Well, it was one of those nights. Again.
For the second game in a row, UND struggled offensively. Let me put it another way: UND generated chances, scoring opportunities, and odd-man rushes, but did nothing more than chip some paint off the posts and crossbar.
The final shots on goal were UND 43, UW 24, including 25 Sioux shots in the third period alone. UND must have attempted 70 shots or more, with many blocked by Wisconsin or sent off target.
As Coach Hakstol mentioned in his post-game interview, the prevailing feeling was that if North Dakota could get one past Connelly, the floodgates would open. But it was not to be. The junior netminder stopped all 43 shots sent his way for his fifth career shutout in 22 games.
Even down 2-0 with 14 minutes to play, the ice seemed to be tilted in North Dakota’s favor. UND was winning the majority of the draws and getting to most of the loose pucks. The back-breaker goal happened after one of very few defensive zone face-offs for UND, a draw they lost, and the puck was in the back of the net for a 3-0 Wisconsin lead with 5:22 to go.
Bright spots for UND:
-North Dakota had exactly the start they needed. They controlled the opening period and took the crowd out of the game. Many in the press box remarked that the score could have been 3-0 UND after one.
-The Frattin-Zajac-Malone line clicked from the get-go. They added a physical presence, created offense, and drew penalties. Expect more from this line going forward.
-Freshman defenseman Derrick LaPoint and Jake Marto were paired together on the blue line for the second consecutive game, and handled their responsibilities very well.
It appeared as if North Dakota backed off the physical play after the first two penalties to Zach Jones. UND will need to crash the net and take the body tomorrow night if they expect a different result.
UND finished 0 for 5 with the man advantage, while Wisconsin scored once on three power play opportunities.
Wisconsin improves to 4-2-0 (2-1-0 WCHA), while North Dakota falls to 4-3-1 (2-3-0 WCHA). The same two teams battle tomorrow night at the Kohl Center. Incidentally, UND now has a 4-11-0 record at the Kohl Center.

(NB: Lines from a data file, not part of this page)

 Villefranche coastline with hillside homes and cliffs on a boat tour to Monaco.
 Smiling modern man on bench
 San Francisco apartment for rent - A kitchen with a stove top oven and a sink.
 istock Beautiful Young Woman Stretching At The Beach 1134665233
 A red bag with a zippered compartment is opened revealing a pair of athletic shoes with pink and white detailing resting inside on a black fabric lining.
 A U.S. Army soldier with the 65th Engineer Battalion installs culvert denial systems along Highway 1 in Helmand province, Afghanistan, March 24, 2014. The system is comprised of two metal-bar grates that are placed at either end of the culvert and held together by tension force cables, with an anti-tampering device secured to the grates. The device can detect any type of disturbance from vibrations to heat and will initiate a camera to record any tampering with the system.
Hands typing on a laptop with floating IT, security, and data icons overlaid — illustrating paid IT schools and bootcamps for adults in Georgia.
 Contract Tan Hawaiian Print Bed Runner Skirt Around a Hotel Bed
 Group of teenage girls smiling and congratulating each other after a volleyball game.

For a comparison and complete preview of the weekend series, click here. I thank you for reading, and welcome your comments and suggestions.
Up and down shot on goal hockey is great when it goes in the net… when it doesn’t, it causes too many odd man rushes the other way… which didn’t hurt UND specifically tonight, but odd man rushes result in players having to chase the puck back in their own end and also causes extended shifts for players reacting to reaction plays of “volume” shots.

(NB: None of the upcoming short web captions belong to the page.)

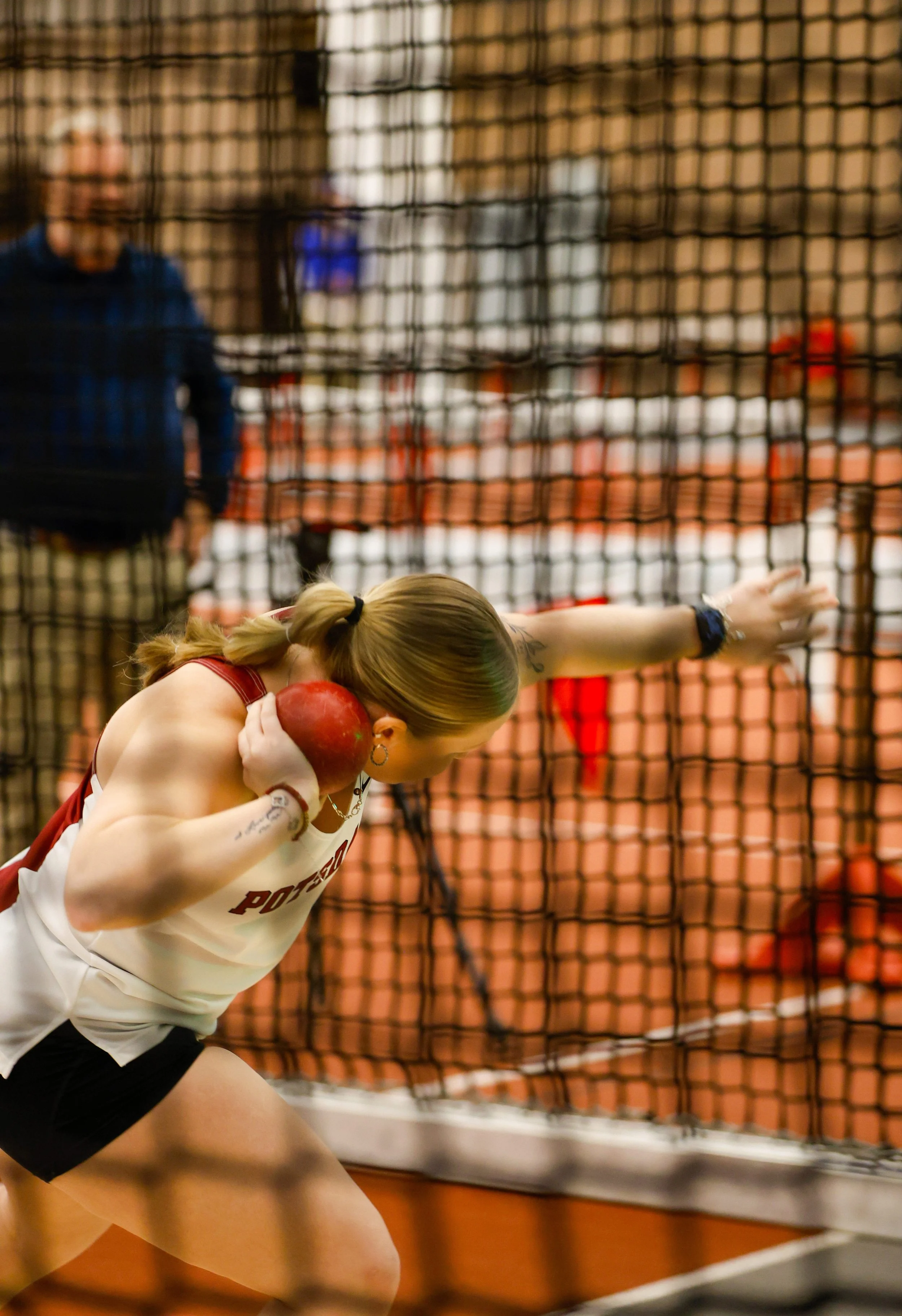 A female athlete in a sports uniform, holding a red ball to her shoulder, preparing to throw on a court with a black net and blurred spectators or players in the background.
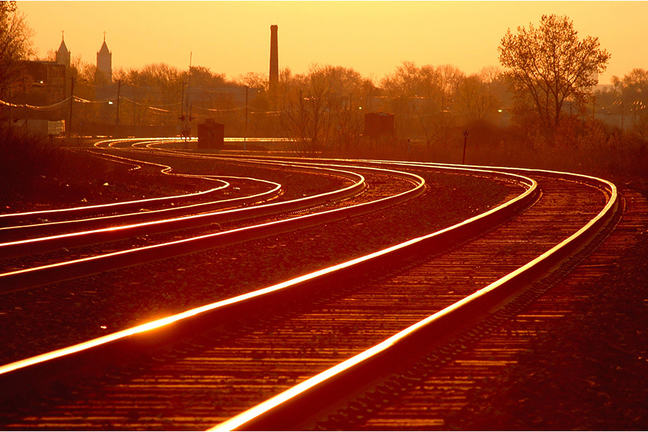 Image is of a train track at sunset.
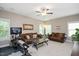 Cozy living room with a TV, comfortable sofas, and exercise equipment at 821 Laurel Garden Way, Cary, NC 27513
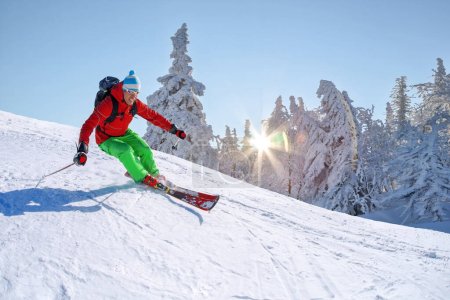 Skifahrer fährt im Hochgebirge vor blauem Himmel abwärts.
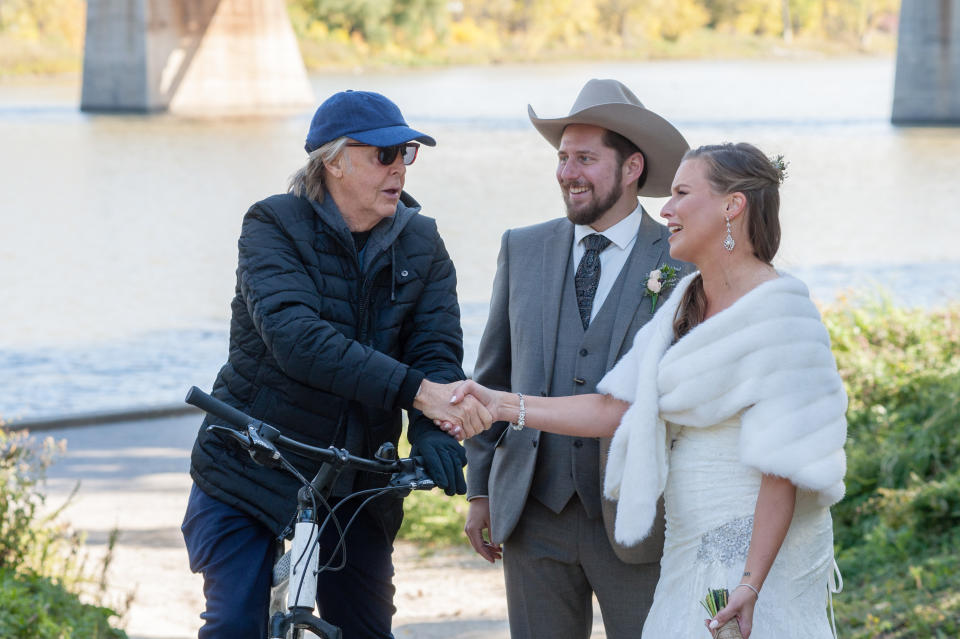 The Beatles legend rode past the pair on his bike. Photo: Supplied/madixphotography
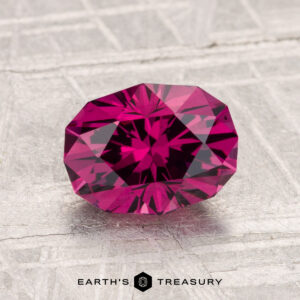 A faceted 1.87-carat Mahenge Garnet in deep pink is displayed on a light textured surface with "Earth's Treasury" at the bottom.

I don’t like the style of play I am recommending, but when the ice is “tilted” in your favor and you can’t convert, sometimes it is better to give your skill players a chance to set up plays in the offensive zone and play the dreaded (and boring) center ice trap and wait for the other team to make the mistake and turn your “volume” shots into “quality” shots… at least in the 2nd period and on when we needed a momentum shifter after the first goal(s) after putting many shots on “pipe” or “pad” as opposed to “goal.”
In any event, I suspect Hak is thinking (at least somewhat…) the same and will tell the boys that 70 shots on goal in a series is meaningless if you score zero out of it. Better to have some quality odd man advantages late in the game than patting yourself on the back for outplaying someone and losing on scoreboard… the only place is matters.